Restate word for word the opening line of the data below and every line after it until the line with "Cinnamon bun for", that line too, but not the pictures.

_RECORDED INFORMATION_.
··········

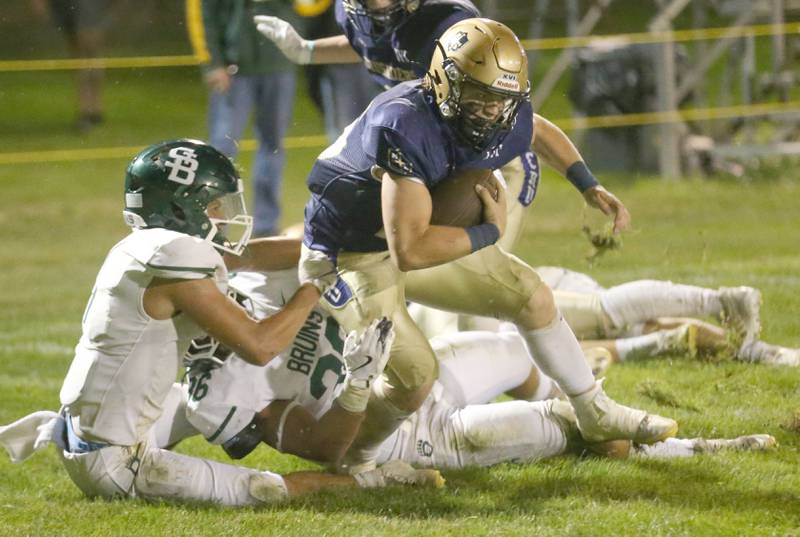 Marquette's Jaxsen Higgins gets out of a tackle from St. Bede defenders Jose De Le Torre and Landon Marquez on Friday, Sept. 26, 2025 at Gould Stadium in Ottawa.
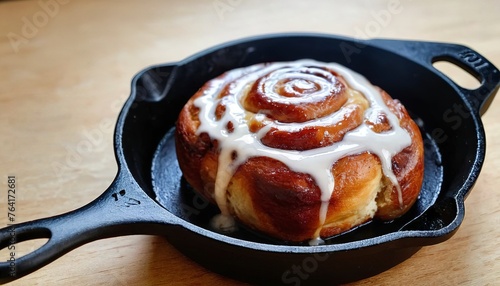 Cinnamon bun for one in a tiny cast iron skillet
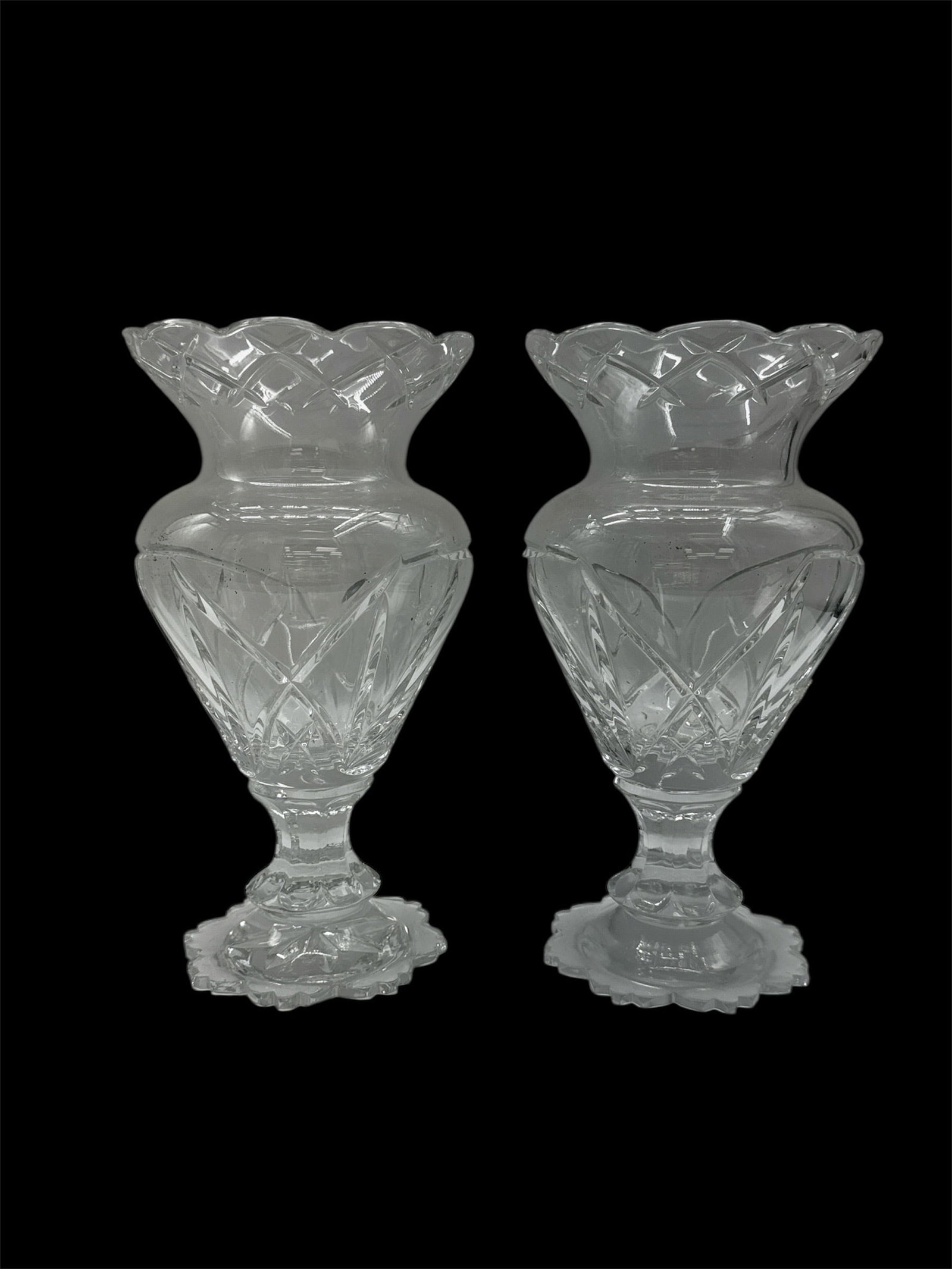 Pair of Cut Glass Pedestal Vases: A pair of clear cut glass pedestal vases featuring flared scalloped rims, faceted bodies, and decorative footed bases. Each vase displays intricate geometric and starburst cutting that enhances brilli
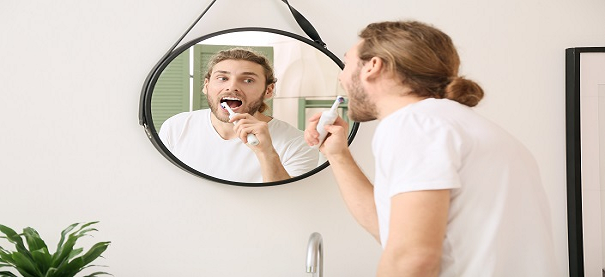Man looks in the mirror while brushing his teeth with an electric toothbrush.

··········

_EXERCISE ANSWER_.
 Marquette's Jaxsen Higgins gets out of a tackle from St. Bede defenders Jose De Le Torre and Landon Marquez on Friday, Sept. 26, 2025 at Gould Stadium in Ottawa.
 Cinnamon bun for one in a tiny cast iron skillet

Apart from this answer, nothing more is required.